Python: Insecure Password Detection

1. Generate a Password Policy

The following are sensible requirements for an organisational Password Policy:

  • 8+ characters, max of 20 characters (prevent buffer overflow/too-hard-to-remember passwords)

  • No character can be repeated more than 3 times in a row I forgot to implement this 😿

  • Use of UPPERCASE, lowercase, numbers and special symbols

  • Doesn’t follow password walking patterns

  • Doesn’t match common passwords used in dictionary attacks

  • Doesn’t contain obvious words associated with the company

2. Create Python script

Let’s start out by blueprinting our Python script to process each of these requirements individually.

# PASSWORD LENGTH CHECKER

# CONTAINS UPPERCASE, LOWERCASE, NUMBER and SPECIAL SYMBOL

# DOESN'T FOLLOW WALKING PATTERNS

# DOESN't MATCH COMMON THREAT ACTOR DICTIONARY(S)

# NO OBVIOUS COMPANY KEYWORDS (PREVENT CUSTOM DICTIONARY ATTACK)

2.0 Flow of Enforcement

Fail by default.
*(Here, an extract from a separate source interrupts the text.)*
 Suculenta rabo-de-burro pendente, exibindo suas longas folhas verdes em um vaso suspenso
I know it sounds weird, but in software engineering, it is a best practice to always fail, unless conditions can be proven to succeed. However, in many implementations of this code, we still want users to be able to create passwords if our script is buggy, so we will make an informed decision to succeed by default, and try to fail the chosen password at each check.
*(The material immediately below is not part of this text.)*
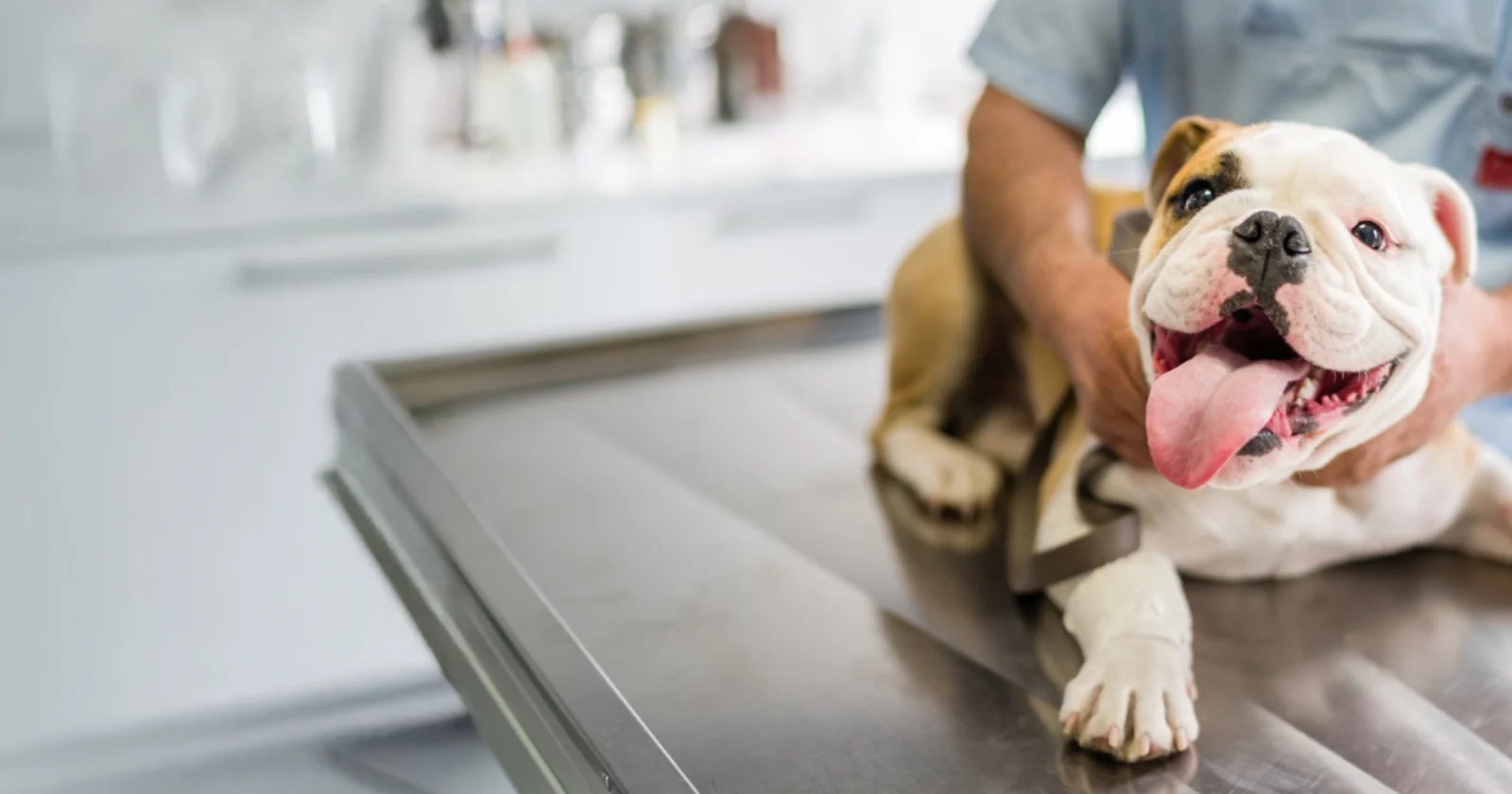 City veterinary clinic building to rise in CDO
def isCompliantPassword():

    # PASSWORD LENGTH CHECKER

    # CONTAINS UPPERCASE, LOWERCASE, NUMBER AND SPECIAL SYMBOL

    # DOESN'T FOLLOW WALKING PATTERNS

    # DOESN'T MATCH COMMON THREAT ACTOR DICTIONARY(S)

    # NO OBVIOUS COMPANY KEYWORDS (PREVENT CUSTOM DICTIONARY ATTACK)

    # No tests fail, password compliant
    return True

Our code will return:

FALSE => Failed to meet Password Policy

TRUE => Meets Password Policy

2.1 Password Length Checker

I’m going to try to keep our coding consistent and succinct, by using REGEX (Regular Expression) patterns to run our checks. You could custom script functions that achieve these checks, but I don’t believe it is necessary (more than welcome to for learning opportunity). Python includes a built-in REGEX module, review the docs.

From Python Regex module docs

Cool, lets begin creating the actual REGEX pattern for this rule. Use a REGEX tester online to make the pattern generation easier.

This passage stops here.